AVAILABLE RECORDS ::
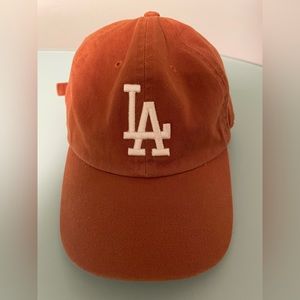 Los Angeles Dodgers ‘47 Hat in Terracotta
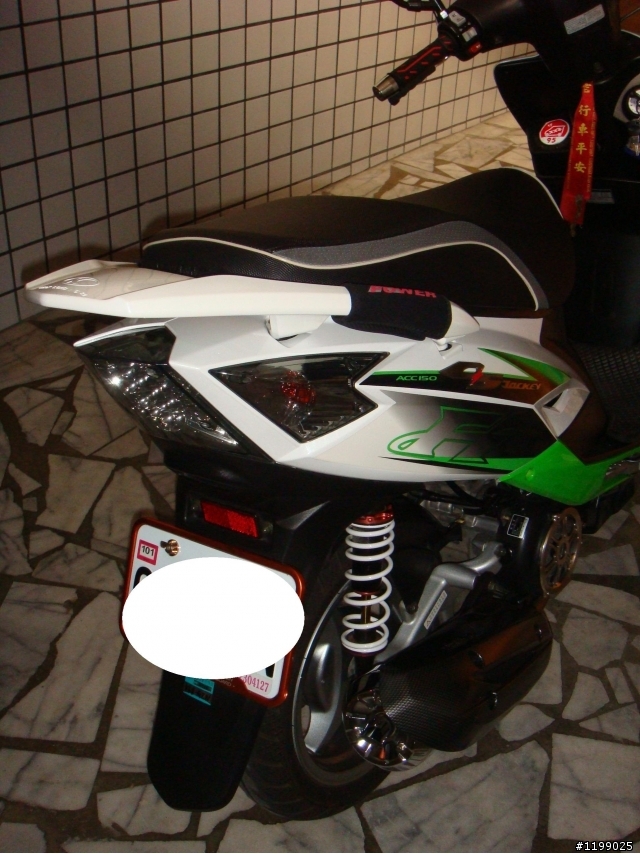 2年多低調G5 150 FI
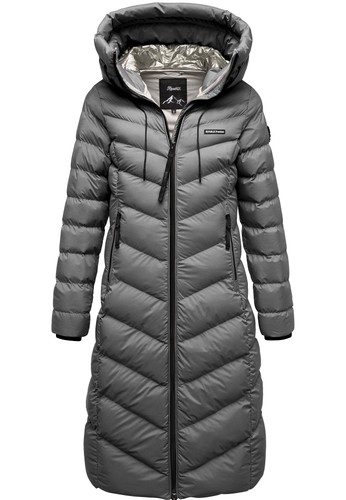 Damen gefütterte winter jacke - damen,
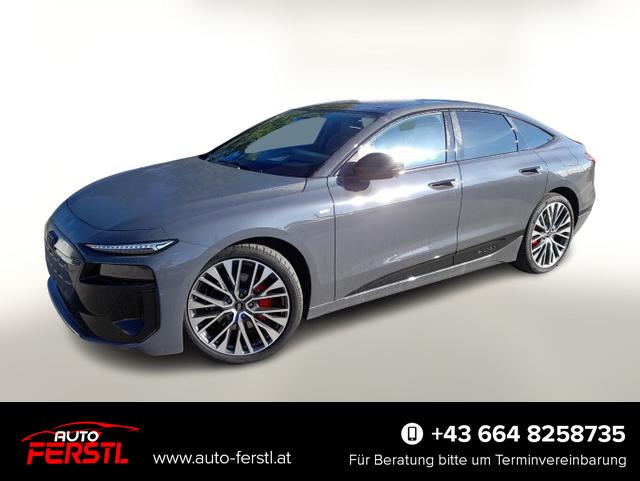 Lagerfahrzeug Audi A6 Sportback e-tron - S line 428 quattro 2xS Tech 
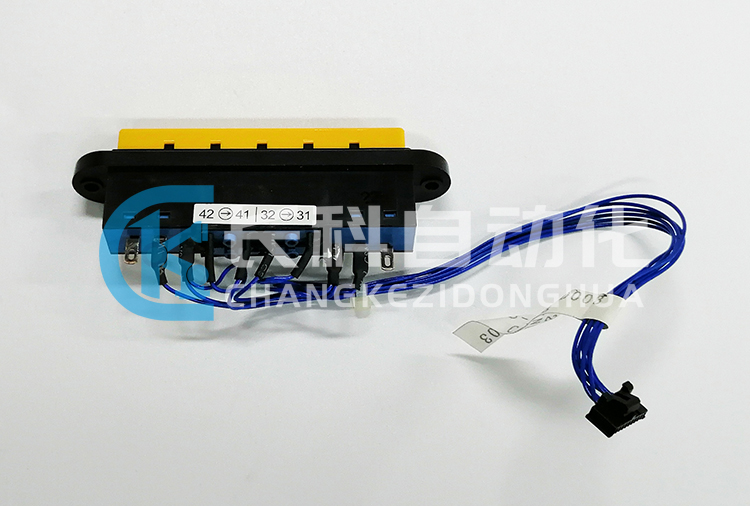 發(fā)那科示教器使能鍵 發(fā)那科示教器使能鍵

PROBLEM TO SOLVE ::
Please copy the data above exactly, omitting the pictures.

OUTPUT OF THE EXERCISE ::
 Los Angeles Dodgers ‘47 Hat in Terracotta
 2年多低調G5 150 FI
 Damen gefütterte winter jacke - damen,
 Lagerfahrzeug Audi A6 Sportback e-tron - S line 428 quattro 2xS Tech 
 發(fā)那科示教器使能鍵 發(fā)那科示教器使能鍵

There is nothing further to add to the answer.